TASK REQUIREMENTS: Where a picture appears in the data below, exclude it; restate everything else word for word.

DATA BELOW:
= Beginning of Section =

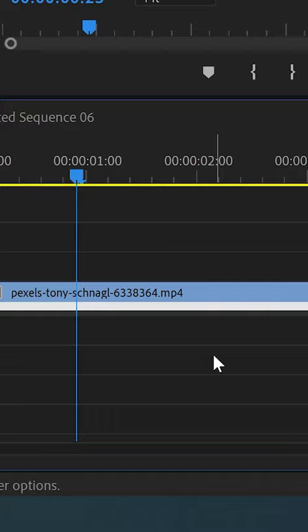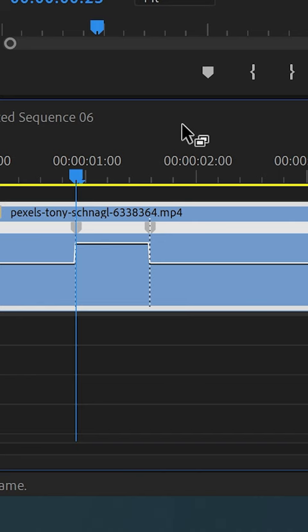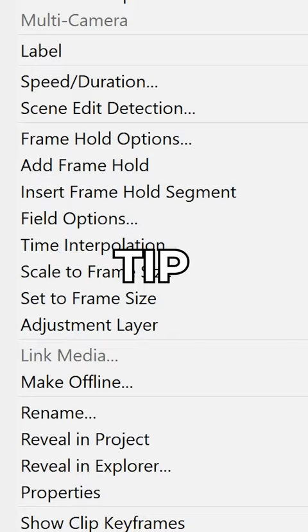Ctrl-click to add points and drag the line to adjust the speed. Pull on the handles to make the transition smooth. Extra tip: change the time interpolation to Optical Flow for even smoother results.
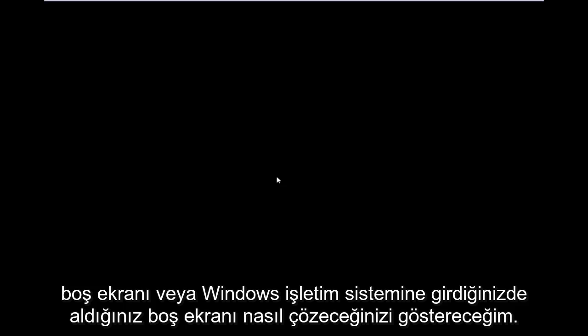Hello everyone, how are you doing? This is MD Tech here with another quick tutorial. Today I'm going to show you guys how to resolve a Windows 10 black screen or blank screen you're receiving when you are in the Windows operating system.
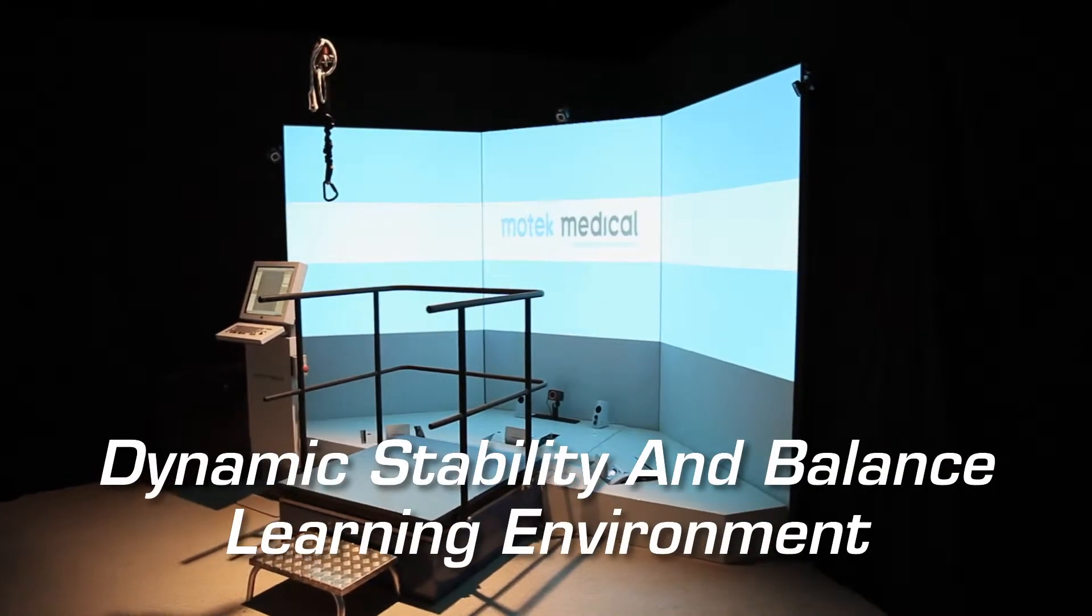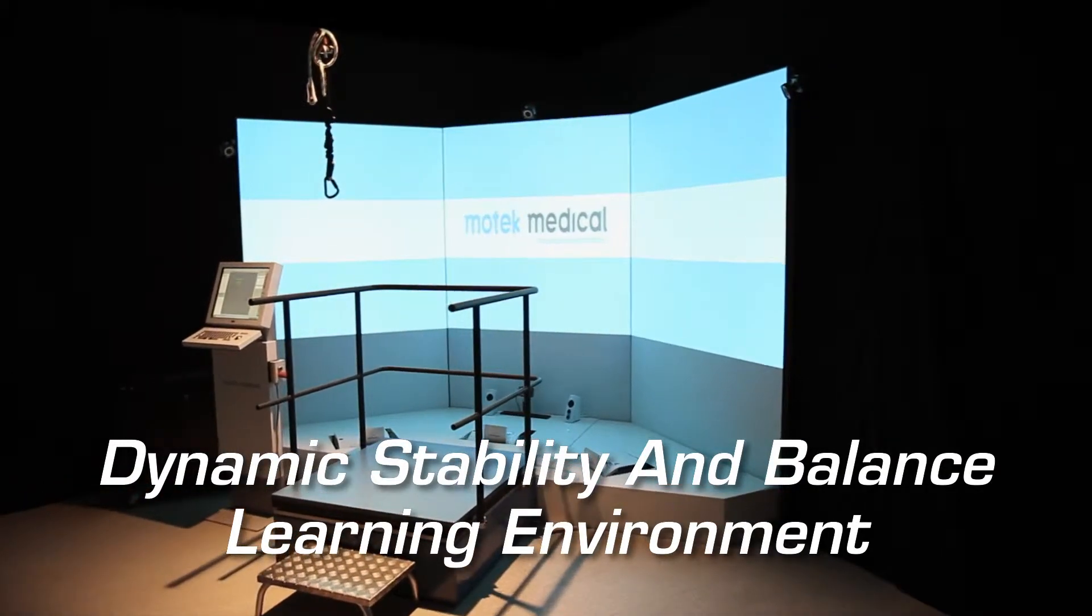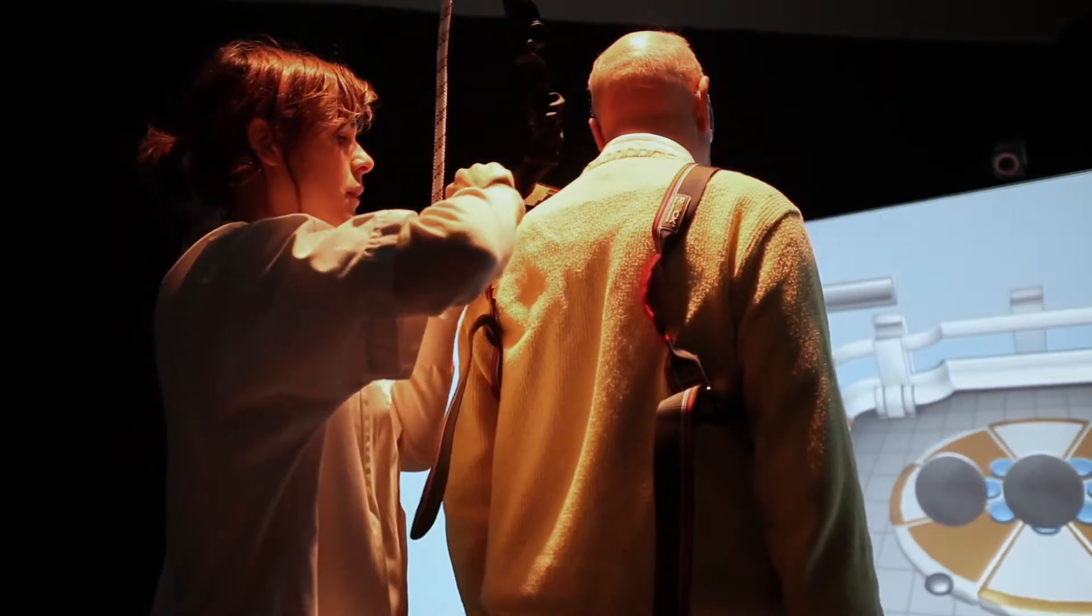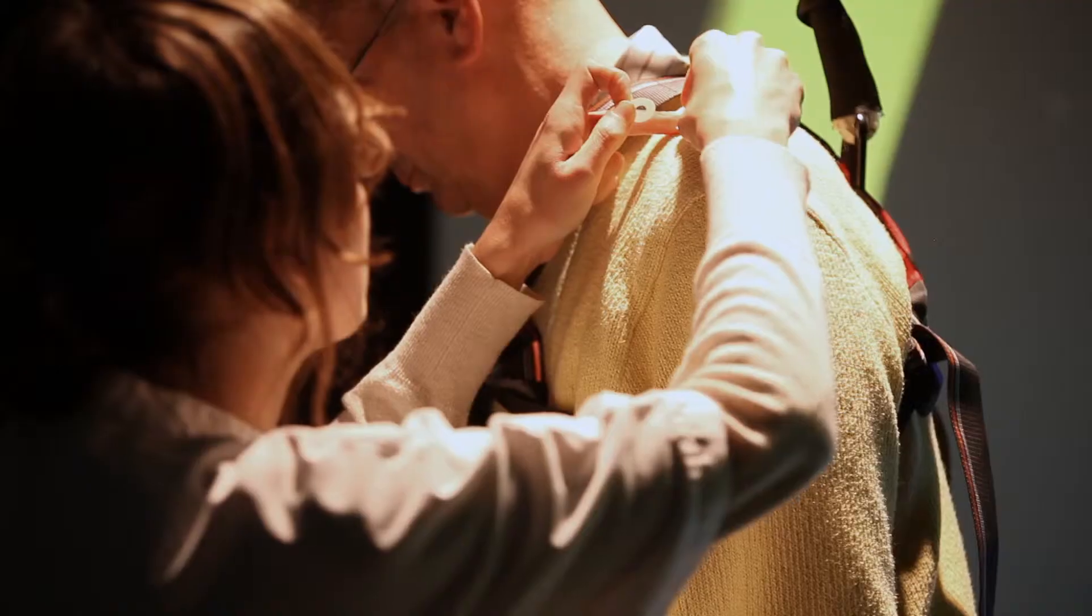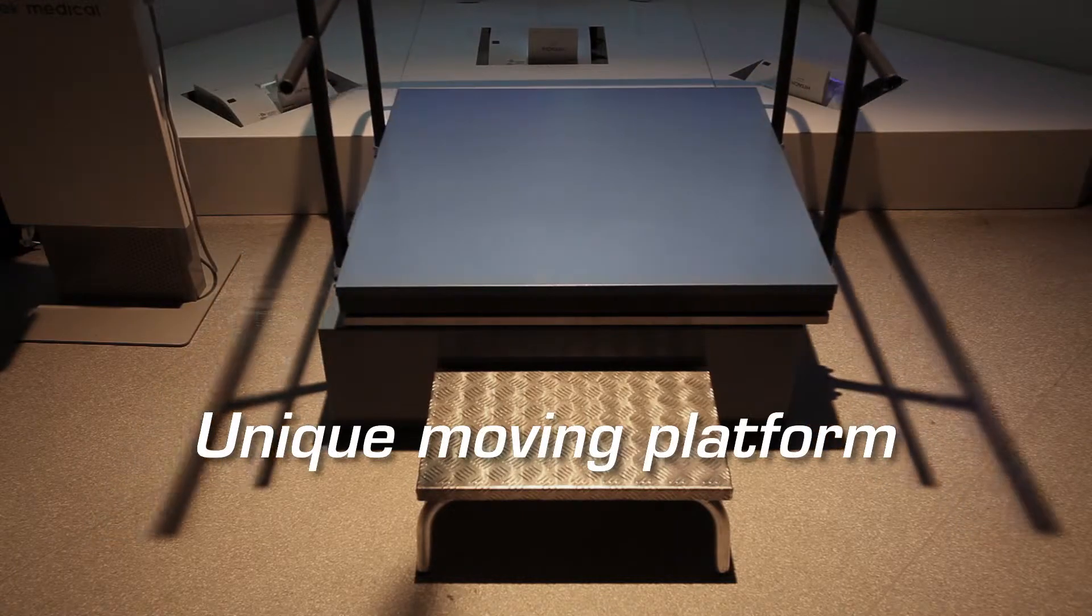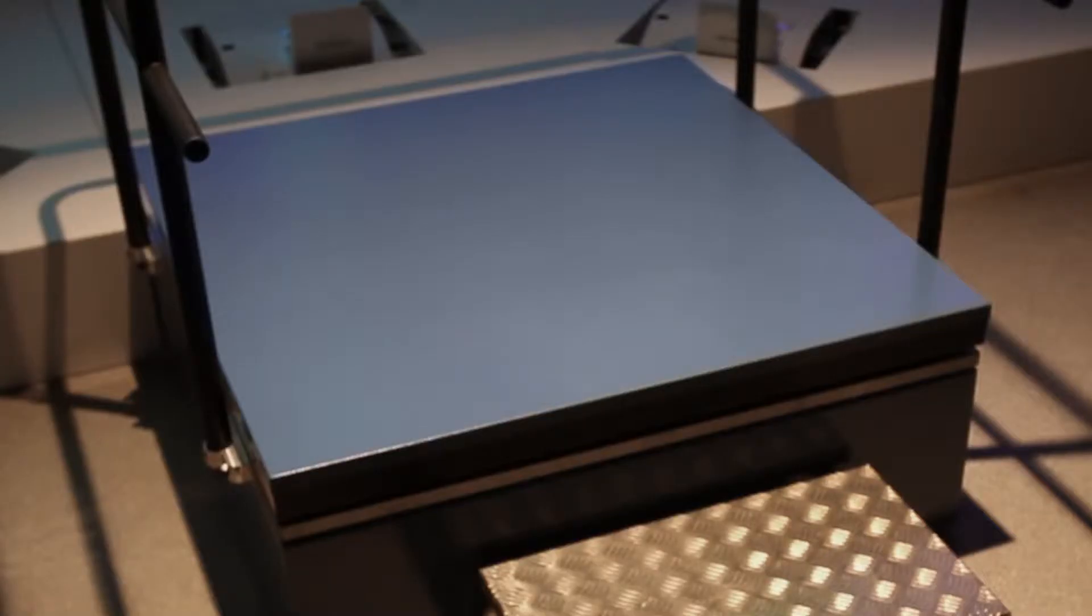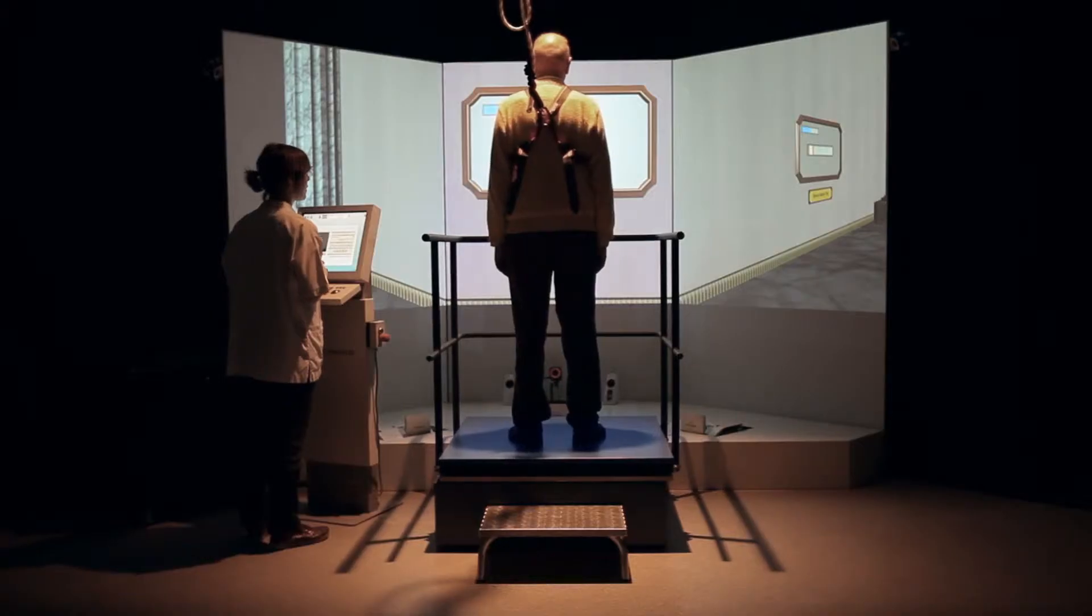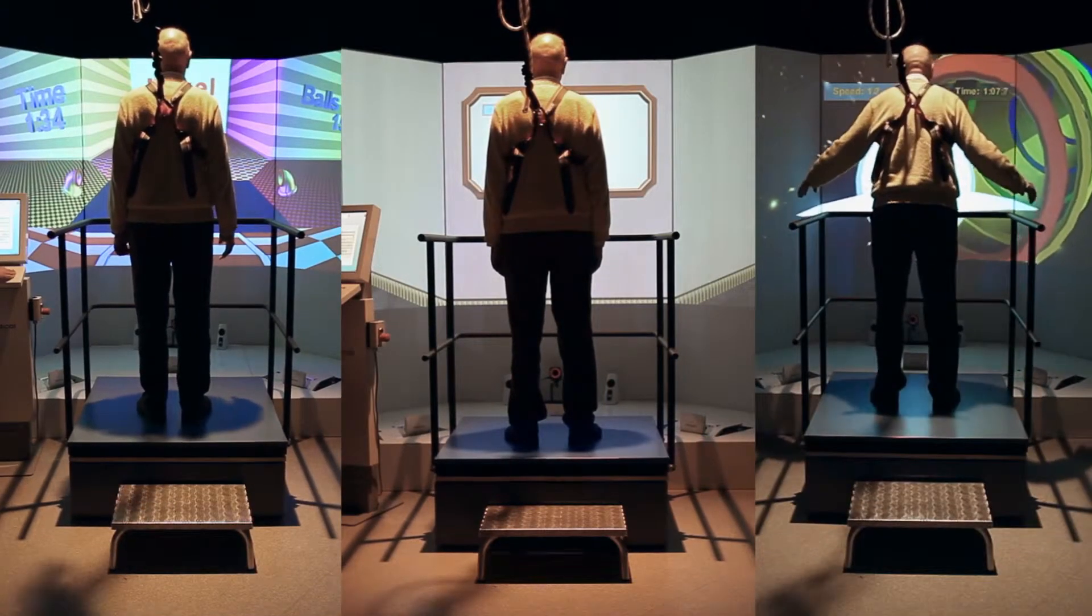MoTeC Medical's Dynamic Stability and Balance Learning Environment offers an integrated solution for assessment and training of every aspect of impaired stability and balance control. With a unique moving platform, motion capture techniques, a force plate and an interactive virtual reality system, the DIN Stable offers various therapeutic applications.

= End of Section =

SOLUTION TO THE PROBLEM:
Ctrl-click to add points and drag the line to adjust the speed. Pull on the handles to make the transition smooth. Extra tip: change the time interpolation to Optical Flow for even smoother results.
Hello everyone, how are you doing? This is MD Tech here with another quick tutorial. Today I'm going to show you guys how to resolve a Windows 10 black screen or blank screen you're receiving when you are in the Windows operating system.
MoTeC Medical's Dynamic Stability and Balance Learning Environment offers an integrated solution for assessment and training of every aspect of impaired stability and balance control. With a unique moving platform, motion capture techniques, a force plate and an interactive virtual reality system, the DIN Stable offers various therapeutic applications.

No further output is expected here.